Em um ano, muita coisa pode acontecer. O mundo atingiu um dinamismo tão grande, que nem é preciso um ano para o jogo mudar de cenário. Basta um produto sair de fábrica com uma falha, um erro humano ou uma supernovidade do concorrente. No total, as 10 empresas que veremos aqui perderam cerca de $100 bilhões de dólares em valor de marca de 1º de janeiro a 30 de junho. Todas essas empresas lucraram em 2009, são exemplos no seu ramo de atuação e exemplos de gestão de marca para muitos profissionais da área, mas 2010 é um novo ano, um novo jogo, onde tudo é possível, até marcas poderosas perderem o que tem de mais valioso, a sua marca.

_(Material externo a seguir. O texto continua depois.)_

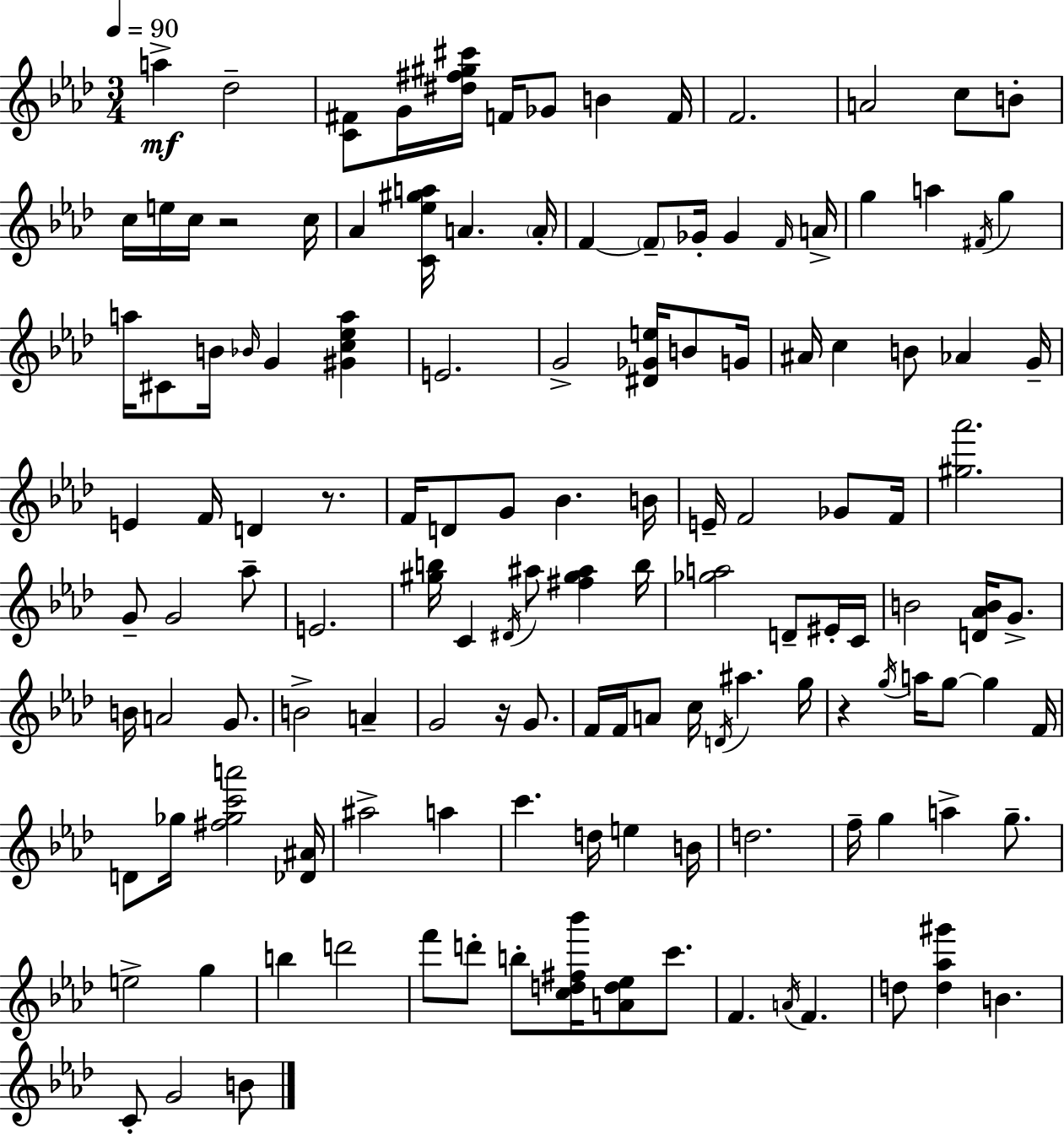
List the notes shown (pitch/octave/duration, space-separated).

A5/q Db5/h [C4,F#4]/e G4/s [D#5,F#5,G#5,C#6]/s F4/s Gb4/e B4/q F4/s F4/h. A4/h C5/e B4/e C5/s E5/s C5/s R/h C5/s Ab4/q [C4,Eb5,G#5,A5]/s A4/q. A4/s F4/q F4/e Gb4/s Gb4/q F4/s A4/s G5/q A5/q F#4/s G5/q A5/s C#4/e B4/s Bb4/s G4/q [G#4,C5,Eb5,A5]/q E4/h. G4/h [D#4,Gb4,E5]/s B4/e G4/s A#4/s C5/q B4/e Ab4/q G4/s E4/q F4/s D4/q R/e. F4/s D4/e G4/e Bb4/q. B4/s E4/s F4/h Gb4/e F4/s [G#5,Ab6]/h. G4/e G4/h Ab5/e E4/h. [G#5,B5]/s C4/q D#4/s A#5/e [F#5,G#5,A#5]/q B5/s [Gb5,A5]/h D4/e EIS4/s C4/s B4/h [D4,Ab4,B4]/s G4/e. B4/s A4/h G4/e. B4/h A4/q G4/h R/s G4/e. F4/s F4/s A4/e C5/s D4/s A#5/q. G5/s R/q G5/s A5/s G5/e G5/q F4/s D4/e Gb5/s [F#5,Gb5,C6,A6]/h [Db4,A#4]/s A#5/h A5/q C6/q. D5/s E5/q B4/s D5/h. F5/s G5/q A5/q G5/e. E5/h G5/q B5/q D6/h F6/e D6/e B5/e [C5,D5,F#5,Bb6]/s [A4,D5,Eb5]/e C6/e. F4/q. A4/s F4/q. D5/e [D5,Ab5,G#6]/q B4/q. C4/e G4/h B4/e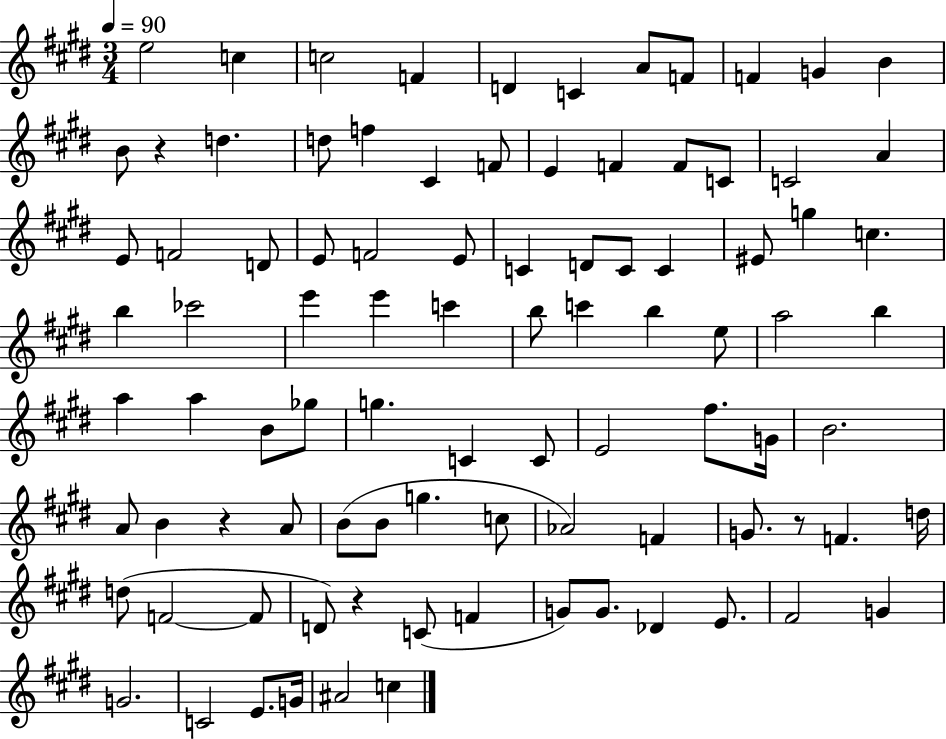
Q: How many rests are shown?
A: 4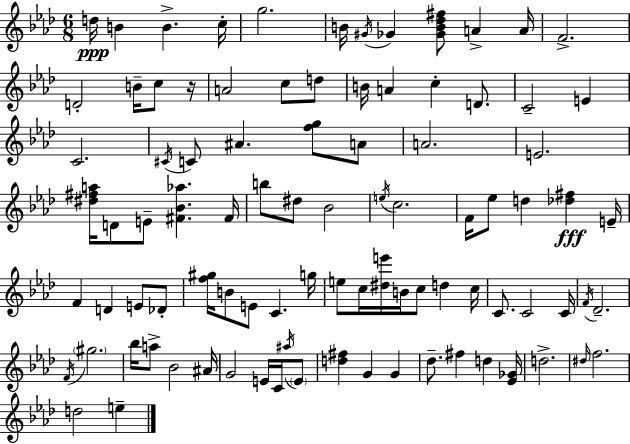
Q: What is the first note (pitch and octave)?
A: D5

Mensurar valor de marca nunca foi fácil, tanto que as 2 maiores consultorias de marca do mundo — MillwardBrown e InterBrand — mostram números divergentes, já que cada uma tem sua própria metodologia. Para chegar a lista, levou-se em conta uma série de fatores: 1) os números das consultorias; 2)  valor de mercado; 3) oscilação no preço das ações na bolsa; 4) comparação de faturamento entre 2009 e 2010; 5) quantidade de notícias negativas na mídia. [Melhor explicado aqui.] Vamos à lista!

1) BRITISH PETROLEUM: -100%
Valor de marca antes: $20 bilhões
Valor de marca agora: $0

Provavelmente, nenhuma empresa prejudicou tanto o planeta como o vazamento de óleo da BP no Golfo do México que durou quase 2 meses e despejou cerca de 2,5 milhões de litros de óleo por dia. Os números são impressionantes. O prejuízo não foi só para a empresa, que gastou mais de $350 milhões pra conter o vazamento (sem contar a plataforma destruída que custa mais ou menos isso também), mas para o planeta também. O desastre ameaça várias atividades econômicas que antes movimentam $1,6 bilhão.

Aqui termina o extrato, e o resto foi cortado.